The Highways Agency is increasingly using business analytics to orchestrate traffic flow in real time

The Highways Agency has a data analysis job like no other in the UK.

As an executive agency of the Department for Transport, it operates, maintains and upgrades the road network in England – 4,500 miles of motorways and trunk roads – with a mission to provide safe and reliable roads, and to keep motorists moving.

Some of the challenges are long term, others need immediate action. For example, faced with an accident on the M25 that closes all the lanes in one direction, it knows that the tailback will lengthen fast – at a mile a minute – and knows decisions on how to divert traffic or warn approaching drivers need to be taken swiftly.

Until recently, the ability to analyse such situations was distinctly historical in nature: vast amounts of data were collected – from both internal and external sources – but that information on a particular stretch of road, on accidents or patterns of traffic flow was assessed at in retrospect.

Now, however, the Agency is enhancing its capabilities with live information feeds and analysis that are already enabling it to react to incidents and optimise the flow of traffic in real time.

To do so it is extending a 2005 initiative, the Roads Information Framework (RIF) programme, which involves the use of business intelligence (BI) tools and the creation of a data warehouse, and which has already dramatically improved decision-making and reporting capabilities that were previously based more on expert judgement than deep data analysis.

The technology behind that core infrastructure is MicroStrategy’s business intelligence platform – a technology set currently accessed by between 50 to 100 users focused on monitoring journey times, reliability and safety on the road.

The Agency already has lots of raw information streaming in, in real time.

Buried in trunk roads and motorways around England are over a thousand ‘inductive loops’ which measure the number of vehicles passing over them. These monitors can also detect the speed of the vehicle and its type – whether it is a car, an HGV or a caravan.
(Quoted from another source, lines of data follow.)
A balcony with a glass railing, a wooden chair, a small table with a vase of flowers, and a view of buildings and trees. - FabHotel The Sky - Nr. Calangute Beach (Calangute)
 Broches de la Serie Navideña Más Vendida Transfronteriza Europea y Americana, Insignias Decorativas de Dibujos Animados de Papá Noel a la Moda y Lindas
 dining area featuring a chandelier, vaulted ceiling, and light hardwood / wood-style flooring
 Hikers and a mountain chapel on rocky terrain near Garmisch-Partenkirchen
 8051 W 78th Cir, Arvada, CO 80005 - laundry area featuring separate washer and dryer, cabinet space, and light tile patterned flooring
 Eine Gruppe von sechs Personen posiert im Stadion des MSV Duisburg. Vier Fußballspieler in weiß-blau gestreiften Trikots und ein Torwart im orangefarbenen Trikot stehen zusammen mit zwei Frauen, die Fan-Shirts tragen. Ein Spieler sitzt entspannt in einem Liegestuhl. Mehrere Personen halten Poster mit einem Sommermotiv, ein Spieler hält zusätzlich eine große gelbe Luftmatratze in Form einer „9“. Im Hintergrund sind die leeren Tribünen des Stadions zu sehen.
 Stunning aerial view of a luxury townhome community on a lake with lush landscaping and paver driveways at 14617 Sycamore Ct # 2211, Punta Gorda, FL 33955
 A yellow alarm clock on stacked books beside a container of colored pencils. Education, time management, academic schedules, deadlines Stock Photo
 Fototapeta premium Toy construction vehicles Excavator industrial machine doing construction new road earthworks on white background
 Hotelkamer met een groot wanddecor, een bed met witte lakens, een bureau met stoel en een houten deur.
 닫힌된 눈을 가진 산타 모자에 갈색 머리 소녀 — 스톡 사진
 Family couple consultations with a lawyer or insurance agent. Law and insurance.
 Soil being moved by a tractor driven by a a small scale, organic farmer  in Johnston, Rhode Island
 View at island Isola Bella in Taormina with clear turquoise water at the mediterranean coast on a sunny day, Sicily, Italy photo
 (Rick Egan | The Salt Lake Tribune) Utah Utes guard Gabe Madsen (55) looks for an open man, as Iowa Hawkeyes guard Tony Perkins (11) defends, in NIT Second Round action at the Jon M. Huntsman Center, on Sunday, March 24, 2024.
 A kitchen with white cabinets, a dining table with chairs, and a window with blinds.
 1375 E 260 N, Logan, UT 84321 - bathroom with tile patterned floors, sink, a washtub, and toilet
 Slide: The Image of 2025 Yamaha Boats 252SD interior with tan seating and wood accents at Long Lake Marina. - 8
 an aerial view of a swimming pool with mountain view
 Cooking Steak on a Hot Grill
In addition, the Agency has deployed about the same number of more intelligent data capture drones – so-called Midas loops – which not only gather critical traffic movement data, but can also react to it. If the traffic conditions cross a certain threshold – such as a wave of vehicles slowing to below 30mph – Midas loops can automatically link up to roadside message boards to warn drivers about queues and other potential problems.

Supplementing those, the Agency also buys in data from third-party suppliers who use cameras around the network to monitor traffic speed and flow.

All of that is fed into the RIFs data warehouse, along with the operational logs from control centres. That enables the analysts to match traffic flows to a particular accident, for example, so they can see what the impact was on traffic flow.

But its aim is to augment its use of business intelligence for that kind of historical analysis by drawing on real-time data for forecasting traffic conditions and managing the network.

“Historically, the data was being collected, but what we weren’t doing was actually making full use of it,”

“What we are looking to do now is to move the analysis forward to look at what-if trends,” says Denise Plumpton, director of information for the Agency, “what might happen and how we can best predict – and then prevent – some of the serious congestion incidents that occur.”

The analysis is throwing up some fundamental new understanding. For example, it has found that the cause of two-thirds of all congestion has nothing to do with accidents or roadworks, but simply results from the volume of vehicles trying to use the network. “That [insight] has been really helpful in enabling us to focus on where we are going to put our future investment,” says Plumpton. “Of course, there is a focus on managing roadworks better, but trying to encourage people to travel at different times and go by different routes can have a far bigger impact.”

The BI tools have also been instrumental in the analysis of the changing patters of breakdowns. “Even though cars are getting more mechanically reliable, we are still getting large numbers of breakdowns. What’s changed?,” asks Plumpton. “It appears that one of the unintended causes of the SatNav revolution is that people run out of fuel far more frequently than they used to. Perhaps their reliance on the SatNav means they don’t actually relate the instructions telling them to drive so many miles in one direction to the amount of fuel they might need to carry out those instructions. But certainly, the rise in [empty tank] breakdowns has risen exponentially over the past couple of years.”

Armed with that specific information, the Agency has launched a roadside and media campaign encouraging drivers to check their fuel more actively.

And this is not a trivial problem. The sight of a broken-down vehicle causes many drivers to slow down in order to see what is going on – and that in itself can cause congestion and accidents. “So the quicker we can move the breakdowns on the better for keeping traffic moving,” says Plumpton.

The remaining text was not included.